**The input**
--------------------------------------------------
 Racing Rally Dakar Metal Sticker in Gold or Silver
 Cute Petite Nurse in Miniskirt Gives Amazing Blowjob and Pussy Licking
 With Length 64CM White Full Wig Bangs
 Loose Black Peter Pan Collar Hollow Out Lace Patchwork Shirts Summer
--------------------------------------------------
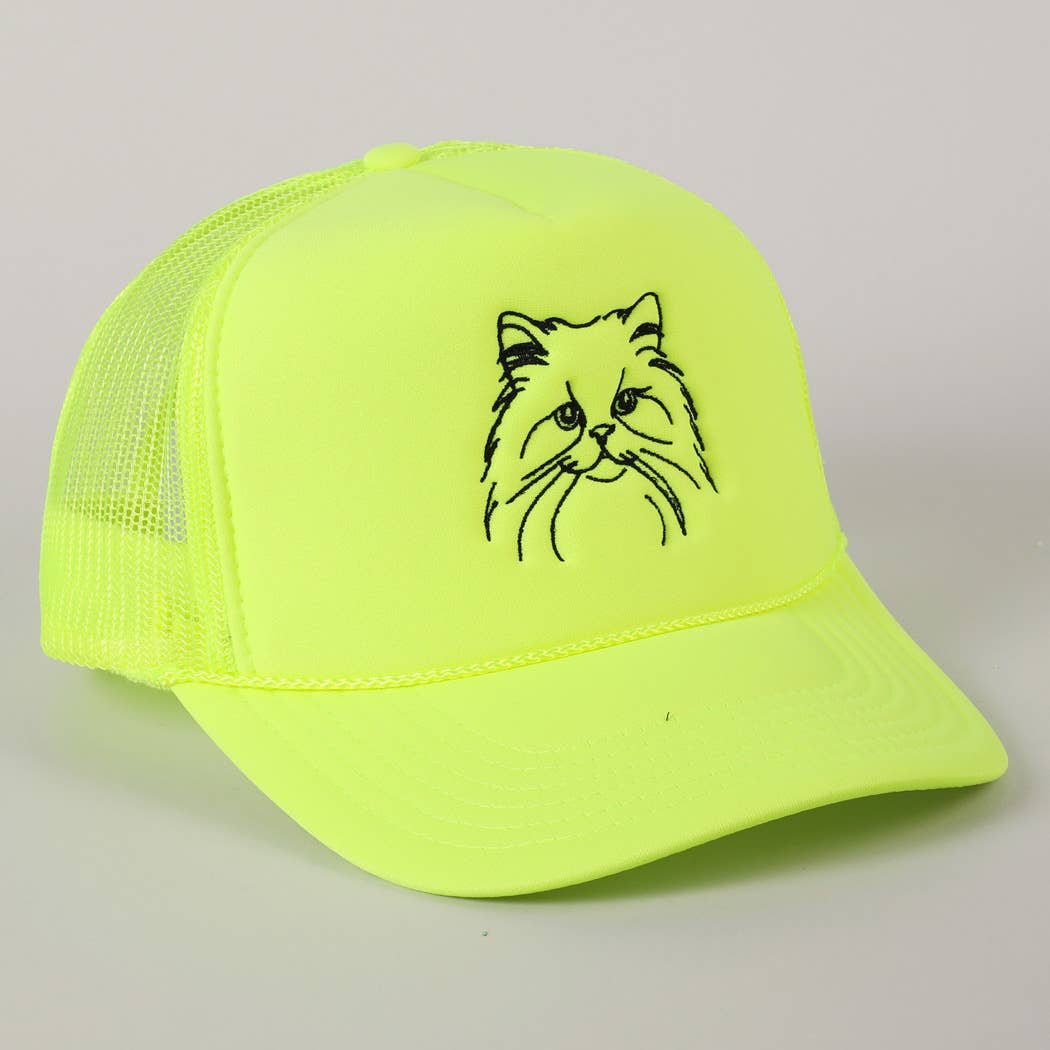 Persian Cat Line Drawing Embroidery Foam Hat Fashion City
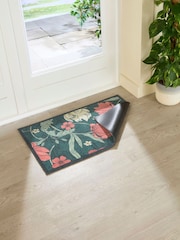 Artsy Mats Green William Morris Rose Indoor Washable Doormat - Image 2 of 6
--------------------------------------------------
**About this task**
Out of the data above, transcribe exactly and only the lines starting with the line that has "Cute Petite Nurse" and going on through the line that has "Loose Black Peter", both included.

**Reply to the exercise**
 Cute Petite Nurse in Miniskirt Gives Amazing Blowjob and Pussy Licking
 With Length 64CM White Full Wig Bangs
 Loose Black Peter Pan Collar Hollow Out Lace Patchwork Shirts Summer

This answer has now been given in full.